The second person is our Holy Father, Pope Leo XIV. From the moment of his election to the Chair of Peter, he hit the ground running and has sustained a formidable schedule of administering sacraments, holding public and private audiences, coordinating the responses to the 220 pounds of correspondence he receives every day, and picking up the baton of Jubilee Year celebrations from his late predecessor, Pope Francis.
Yet, in contrast to his predecessor, Leo is resuming a long-time papal tradition of venturing to the charming Alban Hills southeast of Rome to the summer residence of Castel Gondolfo for intermittent weeks of relaxation and repose, which will include celebrating Sunday Masses at local parishes. Perhaps he will get in a few sets of tennis, or maybe even avail himself of the lap pool installed by St. John Paul II, who in response to criticism of the cost entailed, quipped that “it was less expensive than another conclave.”
Finally, he is not a likely candidate for this column, but the 20th century Chilean man of letters, diplomat, and 1971 Nobel Laureate Pablo Neruda, though not overtly religious, embodied a childlike spirit of wonder and contemplation that irrigated his poetry, essays, and other works. His beloved home on the Chilean coast, Isla Negra, was his window on the Pacific Ocean and the world from which he drew daily inspiration. Along with his wife, Matilde, over decades they collected numerous objects of art and whimsy and even more friends and acquaintances whom they hosted at their idyllic retreat from the world.
One curious object in Neruda’s Isla Negra home that is worth noting is an old mechanical press used for making Eucharistic hosts. One wonders why this piece captured his fancy, but that is a secret Neruda carried to his grave. I might propose, however, that the press serves as a symbol that should be a reference point for all of us in our own rhythm of life, work, and holy leisure.
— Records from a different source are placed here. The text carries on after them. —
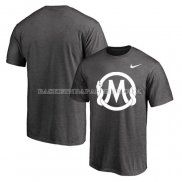 Maillot Manche Courte Los Angeles Lakers Mamba Academy Gris2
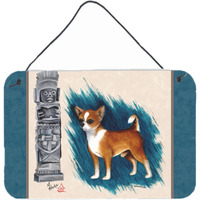 "Caroline's Treasures MH1011DS812 Chihuahua Totem Wall or Door Hanging Prints, 8 x 12"", Multicolor"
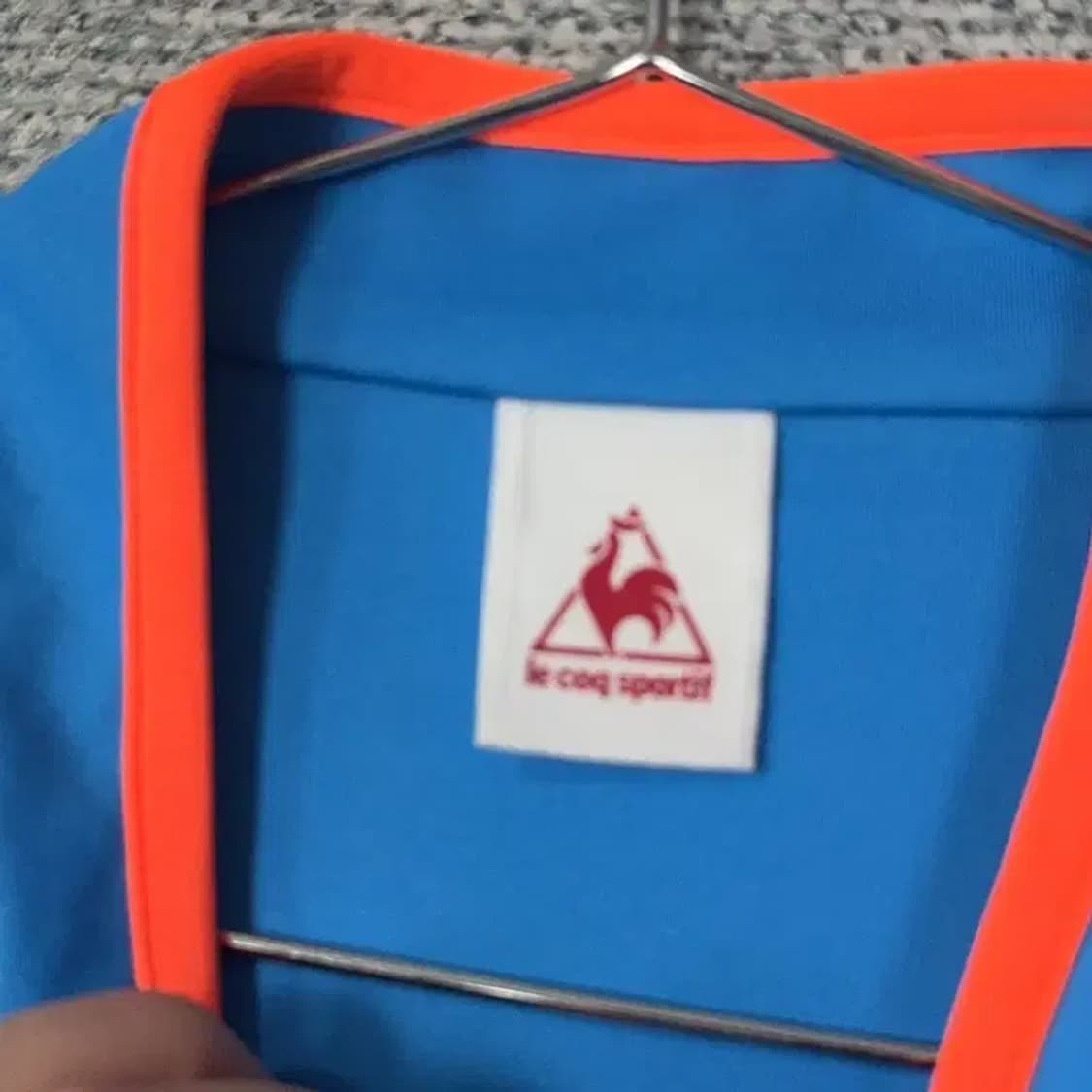 르꼬끄 기능성 블루 긴팔티 90 상품이미지3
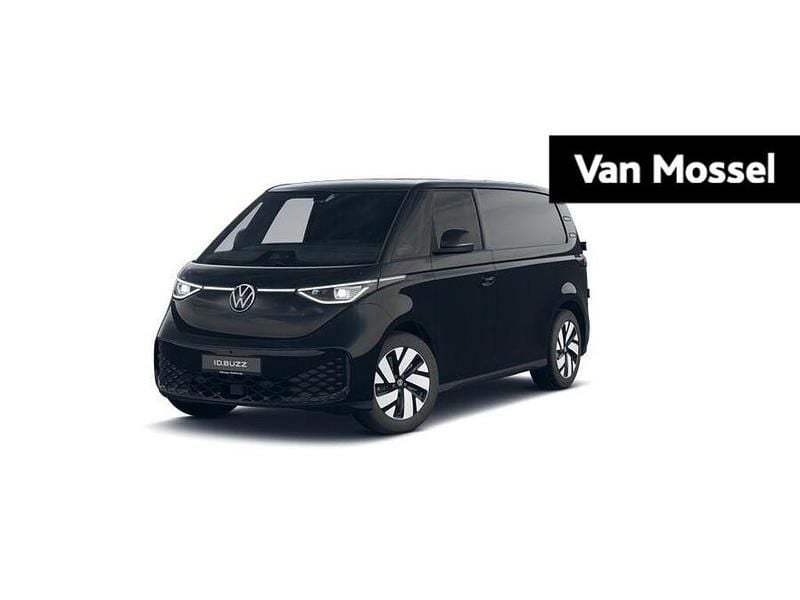 Zwart Nieuw 2025 VW ID. Buzz Edition MPV | € 52.540 (Iets duurder) - Afbeelding 1/4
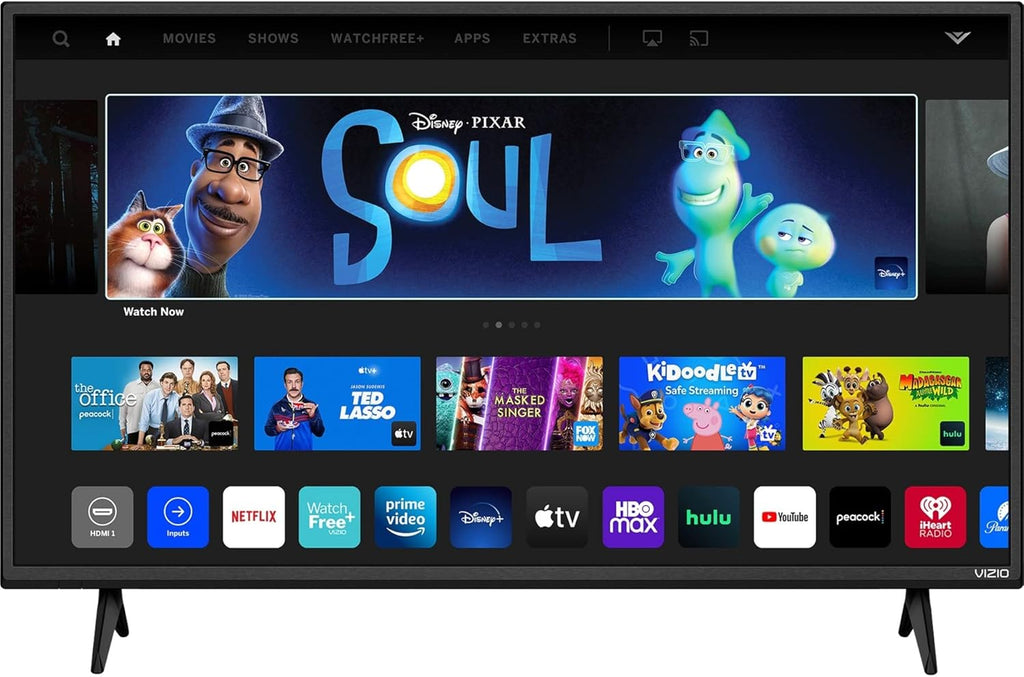 24-inch Full HD 1080p Smart TV with Apple AirPlay and Chromecast Built-in N6332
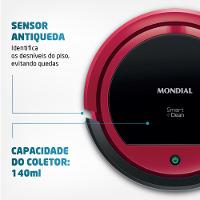 Robô Aspirador De Pó Mondial Smart Clean Rb-07 Bivolt - 5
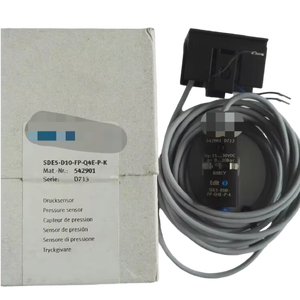 Neuer Original Lagerbestand SDE5-D10-FP-Q4E-<span class=keywords><strong>P</strong></span>-K 542901 Industrielle Automatisierung PAC Dedizierter SPS-Programmiercontroller - Product Image 1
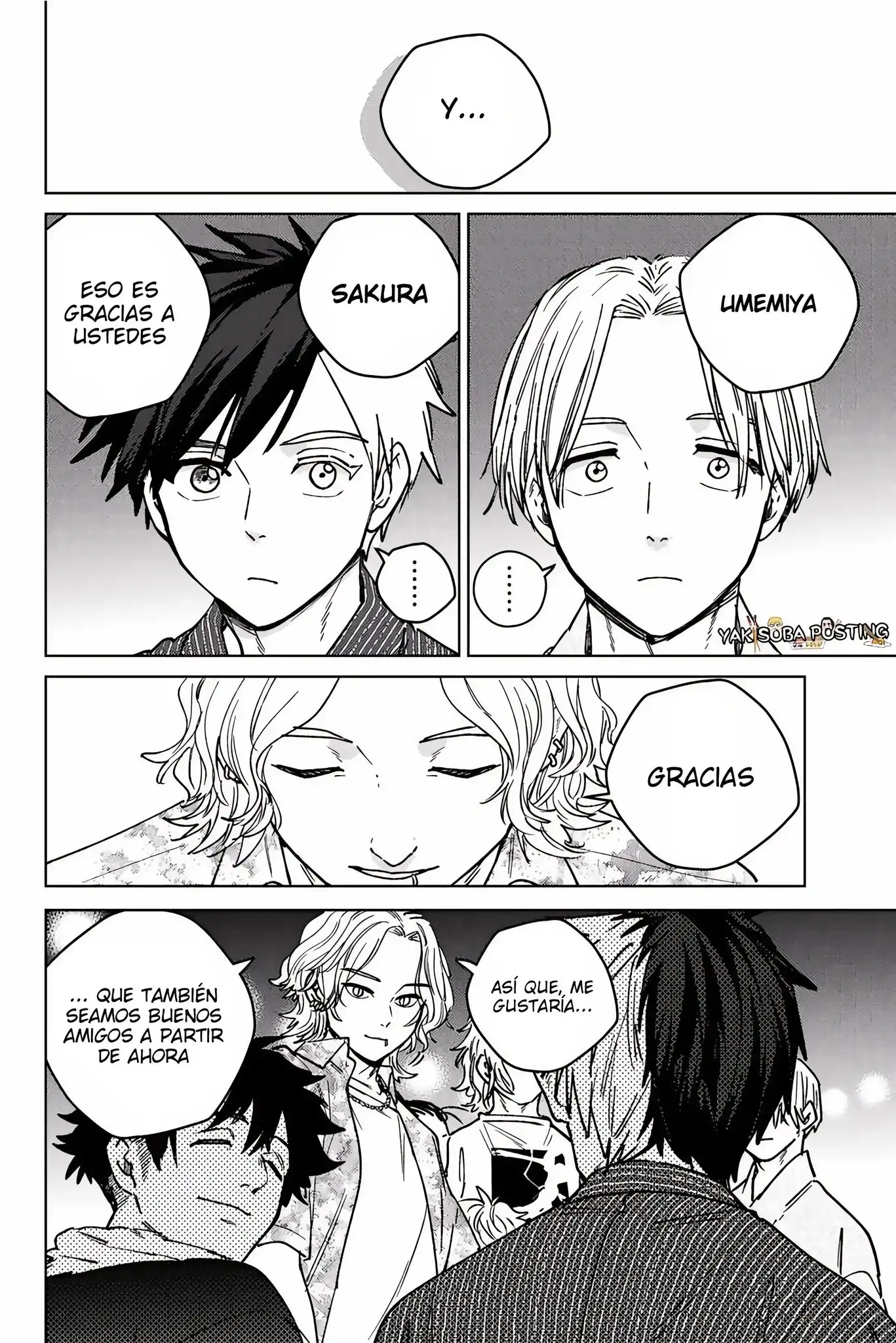 Read WIND BREAKER ES Manga Online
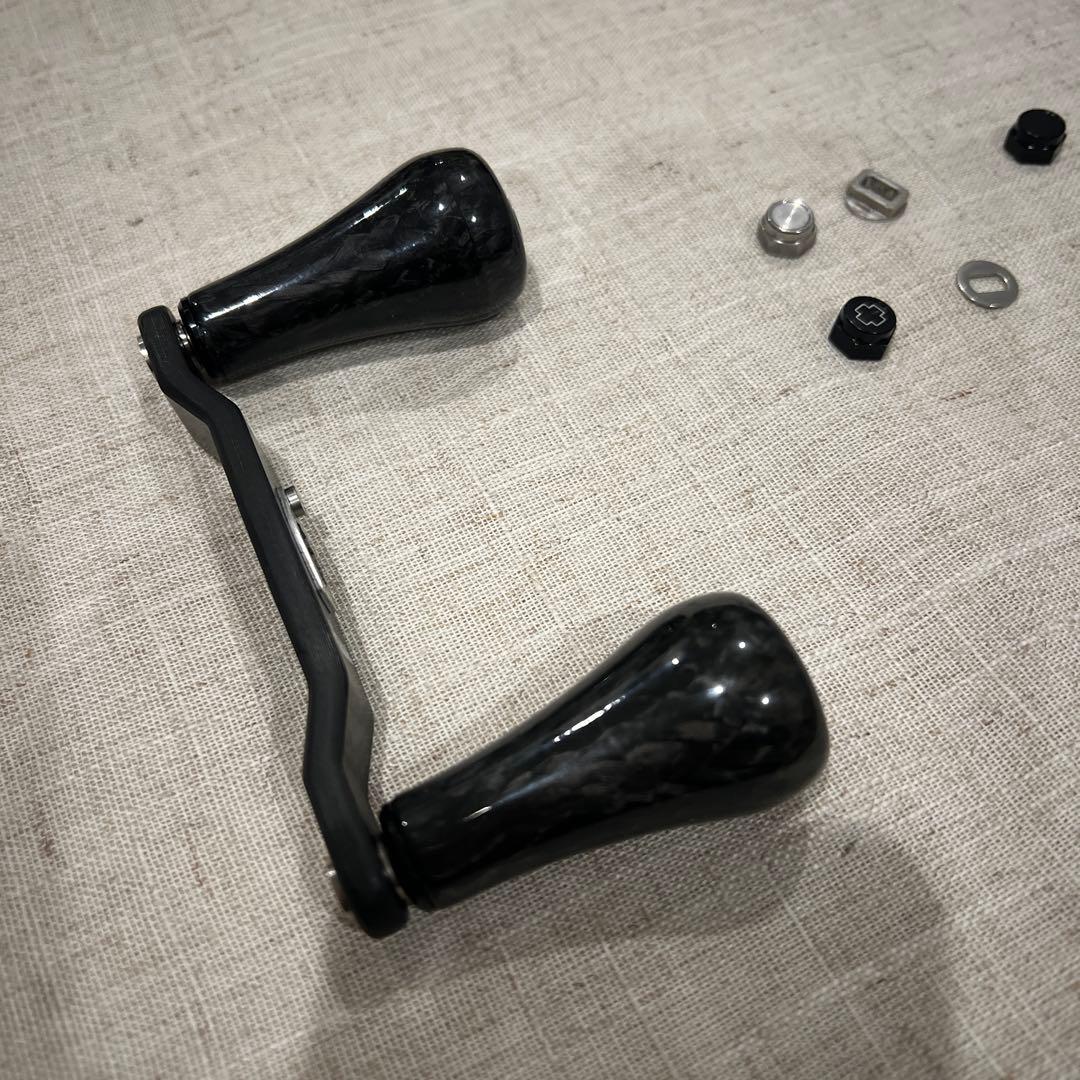 スタジオコンポジットハンドル96mm R29XL カーボンラバーコーティング ⑧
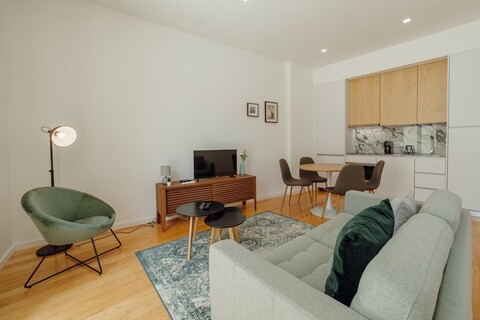 코트야드 오포르토 디자인  아파트먼트  C 위스 테라스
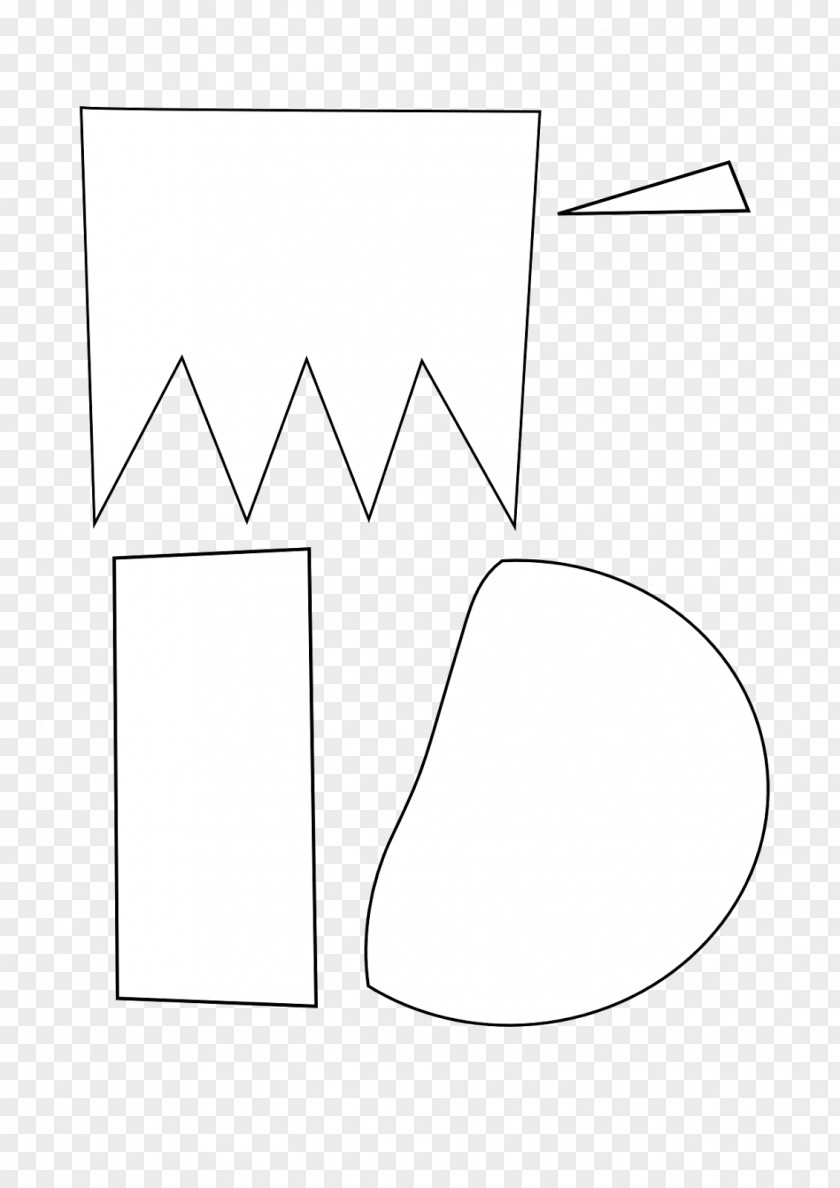 Angle Paper Point Line Art PNG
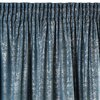 Zasłona EUROFIRANY Design 91 Cypr 140 x 270 cm Granatowy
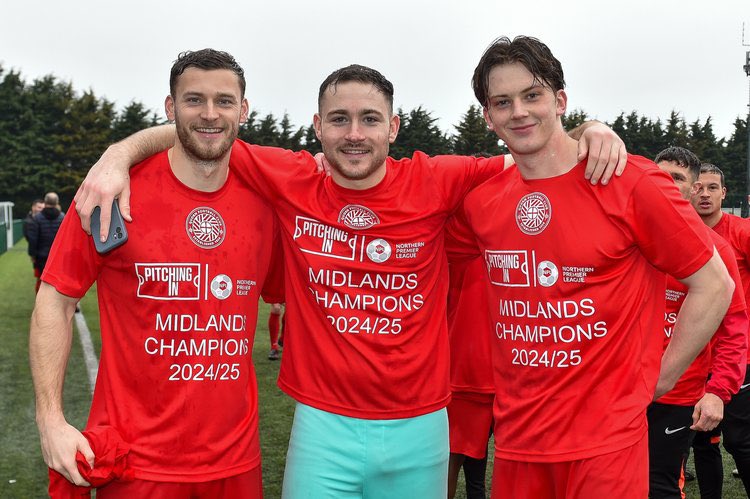 Today saw us reach 20 league clean sheets for the season!

Full credit goes to Tom Allsopp, Silvio Bello, Zhani Burgess, Jordan Gough, Jasper Tetlow, Mason Frizelle and Jack Samples and the rest of the squad for their incredible achievement.

#WeAreQuorn #QuornFC #100Years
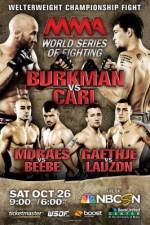 Watch MMA World Series of Fighting 6 123netflix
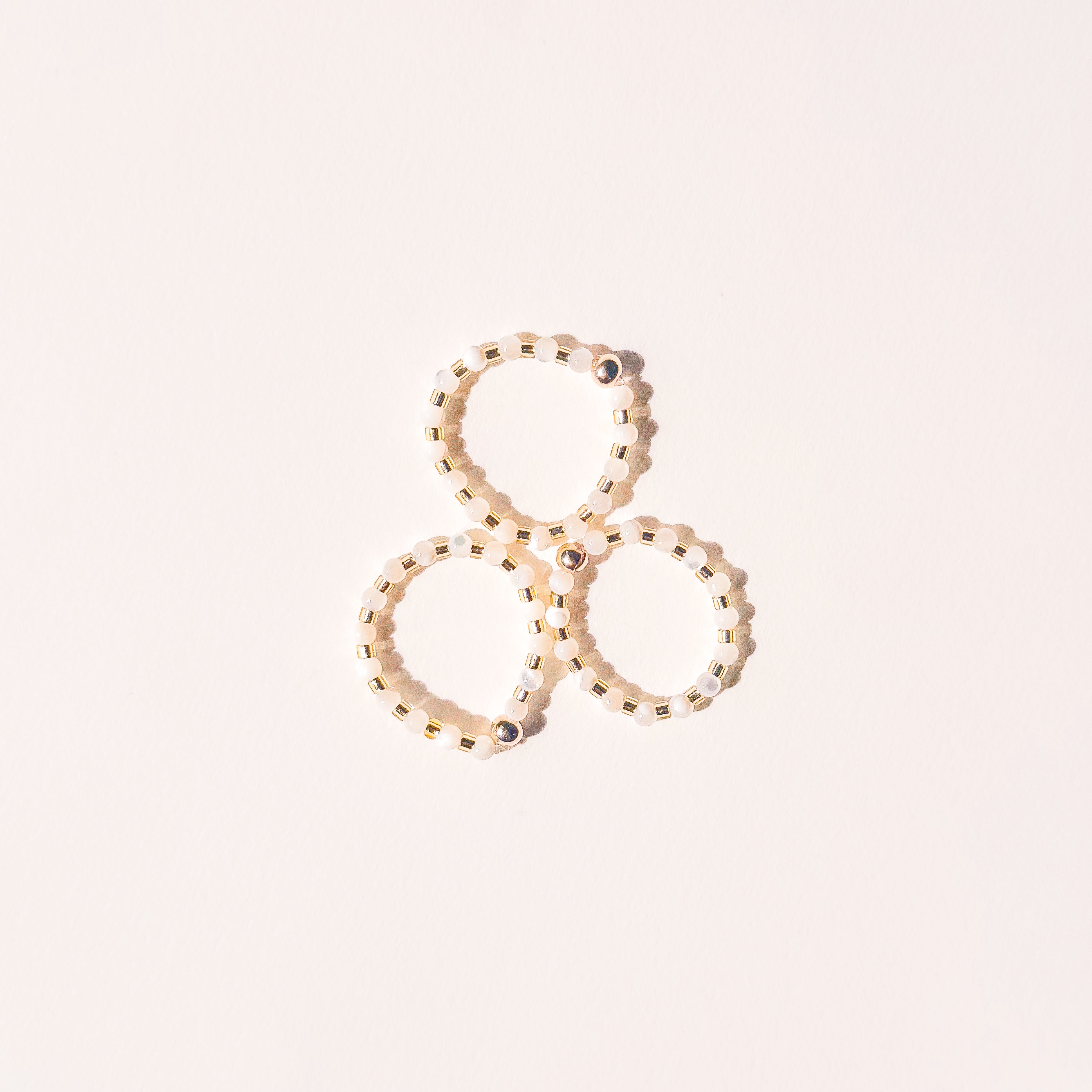 Crystal Wave Ring - B26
For whether we are a farmer, a stay-at-home parent, an artist, or a worker in the IT, construction, or hospitality sectors of society, all we do should ultimately converge as the “stuff” that is shaped and formed into the basis of a Eucharistic life. For it is in sacred worship, preeminently in the Mass as an expression of sabbath rest, where all we are and do takes its proper place as the crowning act of a truly human life, where the image of God instilled in us is raised in relief, in season and out.
The Diocese of Des Moines joins the people of the Diocese of Davenport and the whole Province of Iowa in congratulating Bishop-Elect Thomas Hennen, an Ottumwa native and Davenport Diocese vicar general and rector of Sacred Heart Cathedral, whom Pope Leo XIV has chosen to succeed Bishop Liam Cary as the next bishop of the Diocese of Baker, Oregon. Baker is regarded as a mission diocese, and we rejoice that the former “Fr. Thom” will undertake this mission entrusted to him by the Lord and his Church, though we note that at 47 years of age (born on July 4th, no less!), God-willing, Bishop-Elect Hennen may well serve three decades as a successor of the apostles. It seems that the State of Iowa not only supplies 10% of our country’s food, but also grows bishops! Please continue to pray—perhaps adding a sixth decade of the Rosary for vocations—that God will continue to raise up priests from all four of our state’s dioceses, some of whom might be called to be missionaries beyond our borders!